## Task goal
Down to the last line, retype each line of the entries exactly, starting with the one that contains "Maison à vendre".

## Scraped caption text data
++++++++

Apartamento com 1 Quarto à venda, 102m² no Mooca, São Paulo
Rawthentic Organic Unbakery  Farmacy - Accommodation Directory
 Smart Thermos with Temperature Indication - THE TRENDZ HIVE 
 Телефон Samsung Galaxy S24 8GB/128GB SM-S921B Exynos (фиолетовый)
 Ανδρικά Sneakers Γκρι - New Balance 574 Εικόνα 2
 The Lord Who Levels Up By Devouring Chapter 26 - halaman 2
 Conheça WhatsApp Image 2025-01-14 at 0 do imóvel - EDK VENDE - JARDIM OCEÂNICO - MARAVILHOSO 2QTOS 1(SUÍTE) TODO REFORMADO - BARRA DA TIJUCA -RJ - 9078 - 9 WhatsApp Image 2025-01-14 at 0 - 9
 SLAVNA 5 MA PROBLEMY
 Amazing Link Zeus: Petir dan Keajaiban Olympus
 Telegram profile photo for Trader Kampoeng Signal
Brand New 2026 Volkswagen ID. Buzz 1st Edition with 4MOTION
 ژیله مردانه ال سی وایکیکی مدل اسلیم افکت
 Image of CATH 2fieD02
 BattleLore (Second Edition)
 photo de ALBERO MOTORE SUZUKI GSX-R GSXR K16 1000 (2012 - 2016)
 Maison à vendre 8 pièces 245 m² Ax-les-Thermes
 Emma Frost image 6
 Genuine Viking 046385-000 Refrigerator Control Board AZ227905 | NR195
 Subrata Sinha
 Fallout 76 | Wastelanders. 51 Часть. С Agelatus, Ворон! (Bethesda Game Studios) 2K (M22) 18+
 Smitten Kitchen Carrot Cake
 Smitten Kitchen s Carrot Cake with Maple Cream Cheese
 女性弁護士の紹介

++++++++

## Solution
 Maison à vendre 8 pièces 245 m² Ax-les-Thermes
 Emma Frost image 6
 Genuine Viking 046385-000 Refrigerator Control Board AZ227905 | NR195
 Subrata Sinha
 Fallout 76 | Wastelanders. 51 Часть. С Agelatus, Ворон! (Bethesda Game Studios) 2K (M22) 18+
 Smitten Kitchen Carrot Cake
 Smitten Kitchen s Carrot Cake with Maple Cream Cheese
 女性弁護士の紹介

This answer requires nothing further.